TASK GOAL: Go through the entries below from the first line and transcribe each one exactly, ending with the line that contains "Mirror Entity Card".

(Brief descriptive captions)
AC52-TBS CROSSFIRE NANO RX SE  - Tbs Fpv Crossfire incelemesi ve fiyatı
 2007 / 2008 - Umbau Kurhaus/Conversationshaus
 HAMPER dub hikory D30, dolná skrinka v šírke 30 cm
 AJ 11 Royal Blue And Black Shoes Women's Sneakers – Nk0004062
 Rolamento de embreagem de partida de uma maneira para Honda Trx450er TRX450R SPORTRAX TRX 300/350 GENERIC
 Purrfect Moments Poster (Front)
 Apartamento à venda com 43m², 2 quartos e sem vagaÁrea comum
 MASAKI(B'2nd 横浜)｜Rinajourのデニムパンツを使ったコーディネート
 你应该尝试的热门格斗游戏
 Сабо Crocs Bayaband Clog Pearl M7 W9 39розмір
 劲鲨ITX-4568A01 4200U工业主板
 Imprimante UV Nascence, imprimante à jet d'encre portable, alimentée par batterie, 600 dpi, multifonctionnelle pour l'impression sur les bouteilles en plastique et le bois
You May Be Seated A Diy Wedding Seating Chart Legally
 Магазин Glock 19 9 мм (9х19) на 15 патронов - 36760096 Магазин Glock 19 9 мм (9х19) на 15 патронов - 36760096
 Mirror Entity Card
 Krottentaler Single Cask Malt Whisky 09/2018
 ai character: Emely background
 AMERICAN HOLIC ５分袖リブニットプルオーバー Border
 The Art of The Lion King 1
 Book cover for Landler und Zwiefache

RESPONSE BOX:
AC52-TBS CROSSFIRE NANO RX SE  - Tbs Fpv Crossfire incelemesi ve fiyatı
 2007 / 2008 - Umbau Kurhaus/Conversationshaus
 HAMPER dub hikory D30, dolná skrinka v šírke 30 cm
 AJ 11 Royal Blue And Black Shoes Women's Sneakers – Nk0004062
 Rolamento de embreagem de partida de uma maneira para Honda Trx450er TRX450R SPORTRAX TRX 300/350 GENERIC
 Purrfect Moments Poster (Front)
 Apartamento à venda com 43m², 2 quartos e sem vagaÁrea comum
 MASAKI(B'2nd 横浜)｜Rinajourのデニムパンツを使ったコーディネート
 你应该尝试的热门格斗游戏
 Сабо Crocs Bayaband Clog Pearl M7 W9 39розмір
 劲鲨ITX-4568A01 4200U工业主板
 Imprimante UV Nascence, imprimante à jet d'encre portable, alimentée par batterie, 600 dpi, multifonctionnelle pour l'impression sur les bouteilles en plastique et le bois
You May Be Seated A Diy Wedding Seating Chart Legally
 Магазин Glock 19 9 мм (9х19) на 15 патронов - 36760096 Магазин Glock 19 9 мм (9х19) на 15 патронов - 36760096
 Mirror Entity Card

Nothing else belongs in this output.